PROBLEM TO WORK ON –
None of the images should appear in your copy. Transcribe the data in full.

○ ○ ○ ○ ○

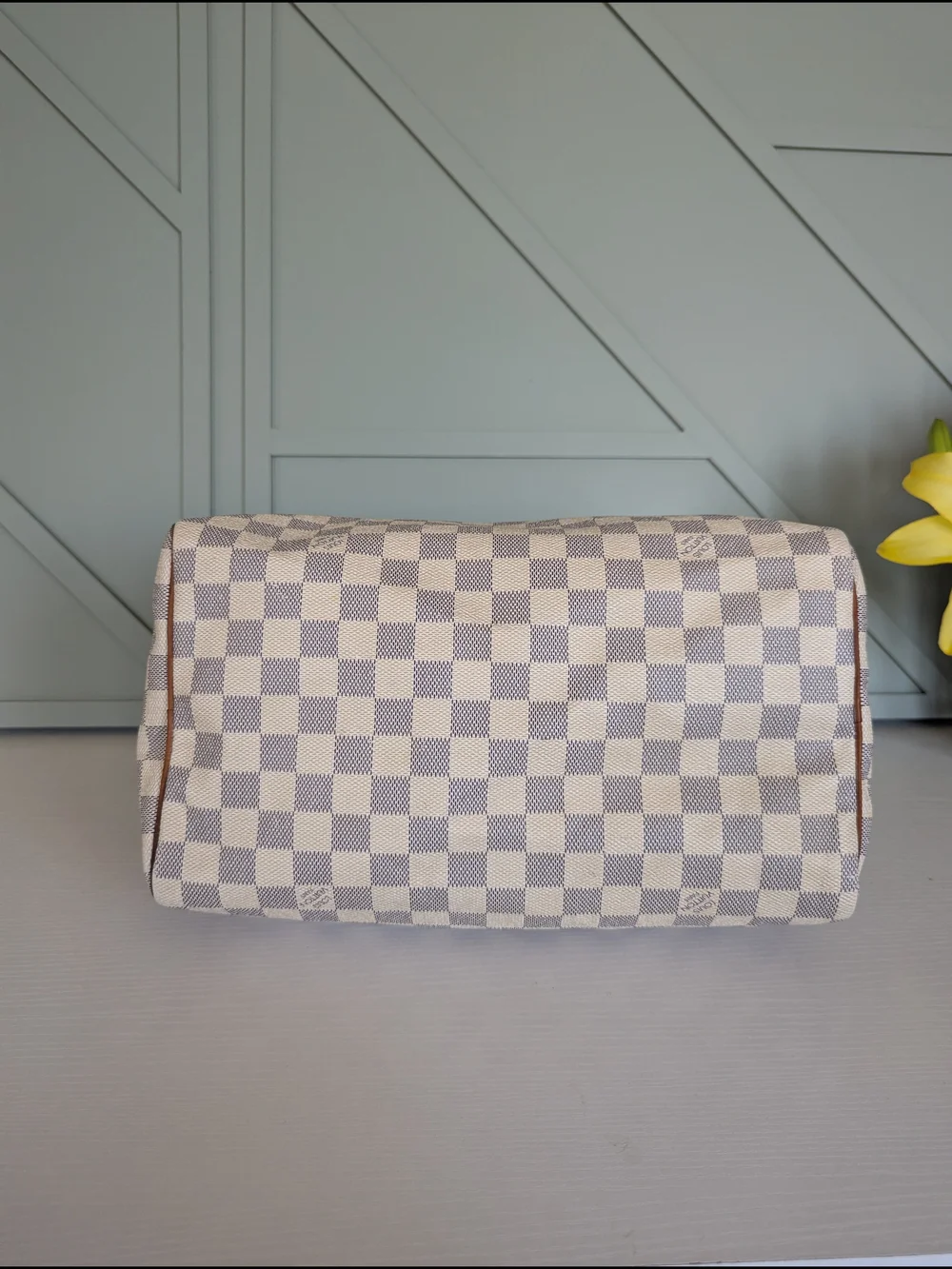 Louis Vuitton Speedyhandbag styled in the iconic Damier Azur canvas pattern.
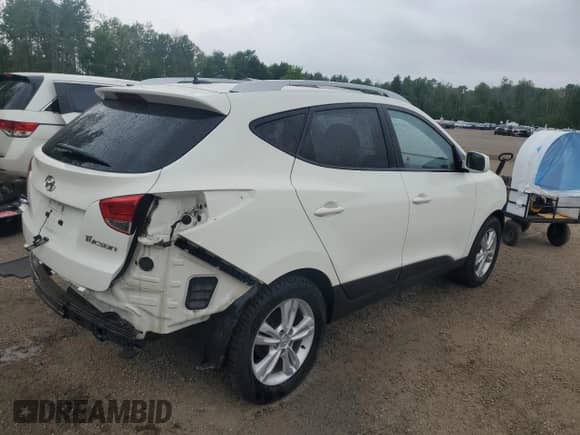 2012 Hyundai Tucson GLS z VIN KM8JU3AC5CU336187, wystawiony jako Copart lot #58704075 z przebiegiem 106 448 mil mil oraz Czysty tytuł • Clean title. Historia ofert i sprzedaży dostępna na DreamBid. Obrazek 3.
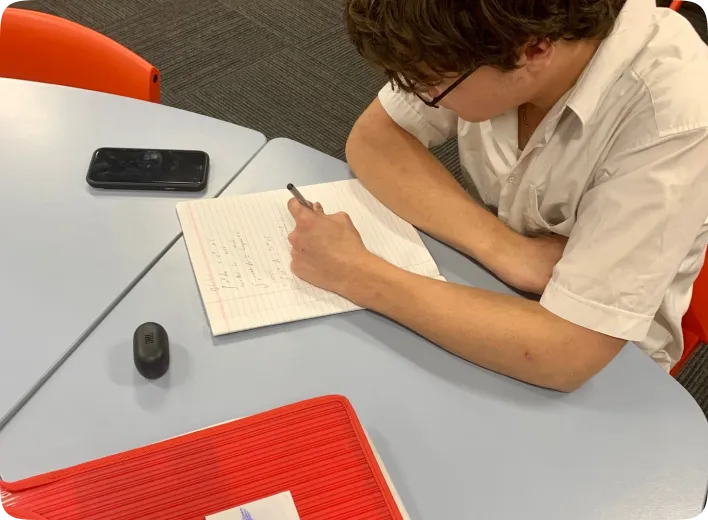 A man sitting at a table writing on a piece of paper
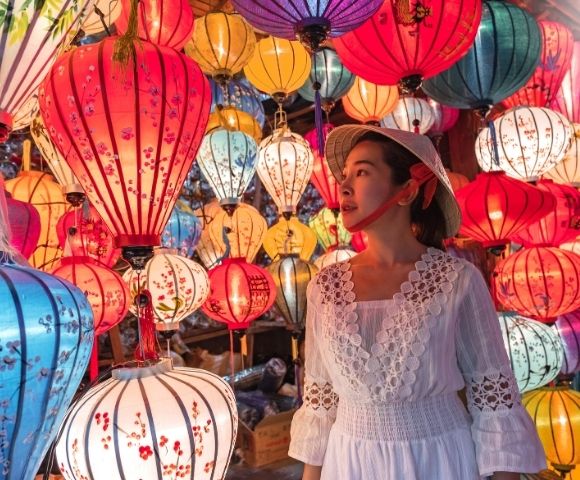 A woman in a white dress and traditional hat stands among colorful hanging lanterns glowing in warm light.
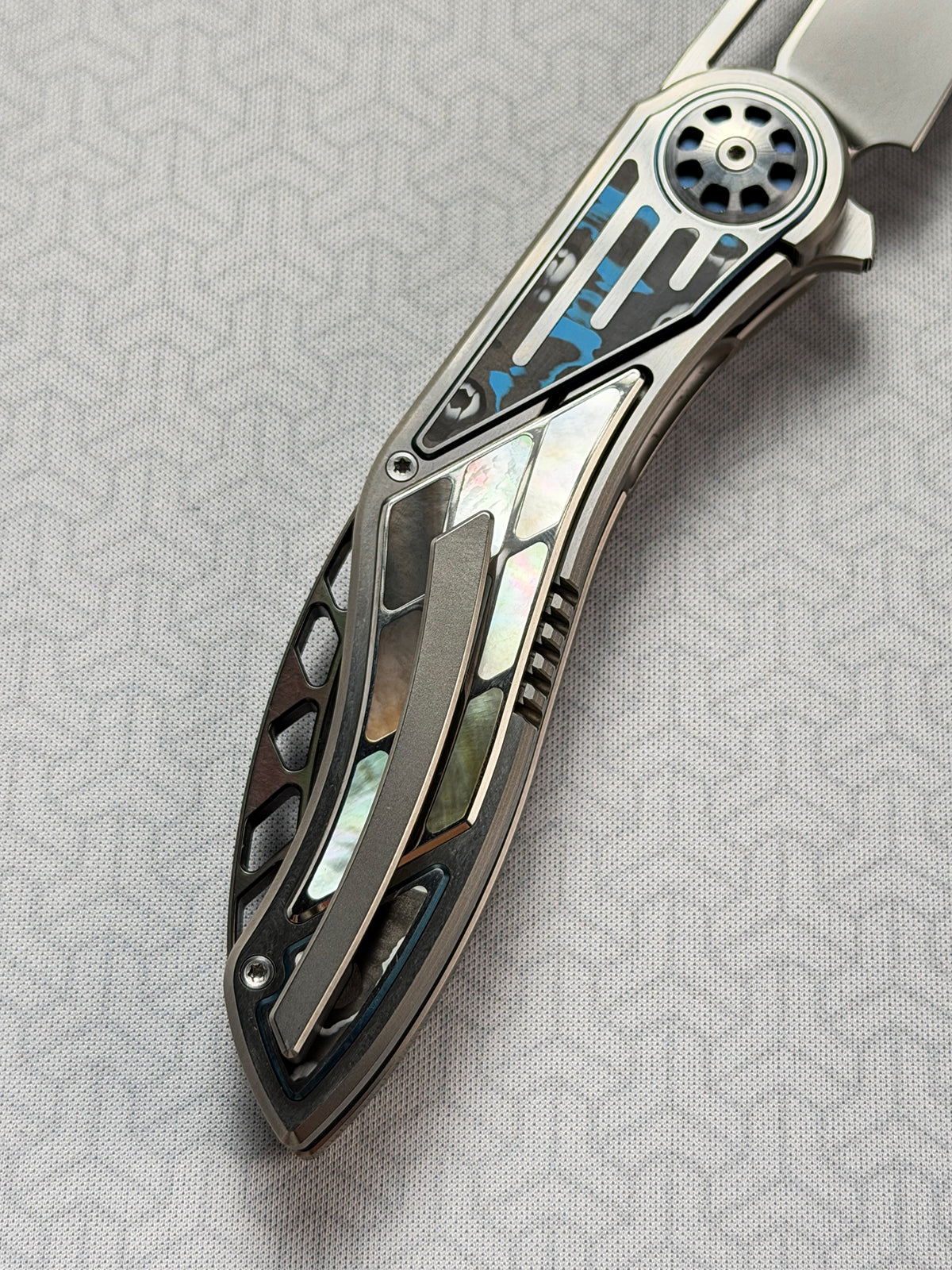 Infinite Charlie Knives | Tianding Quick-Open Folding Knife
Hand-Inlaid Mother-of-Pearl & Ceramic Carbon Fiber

○ ○ ○ ○ ○

FINISHED TASK –
 Louis Vuitton Speedyhandbag styled in the iconic Damier Azur canvas pattern.
 2012 Hyundai Tucson GLS z VIN KM8JU3AC5CU336187, wystawiony jako Copart lot #58704075 z przebiegiem 106 448 mil mil oraz Czysty tytuł • Clean title. Historia ofert i sprzedaży dostępna na DreamBid. Obrazek 3.
 A man sitting at a table writing on a piece of paper
 A woman in a white dress and traditional hat stands among colorful hanging lanterns glowing in warm light.
 Infinite Charlie Knives | Tianding Quick-Open Folding Knife
Hand-Inlaid Mother-of-Pearl & Ceramic Carbon Fiber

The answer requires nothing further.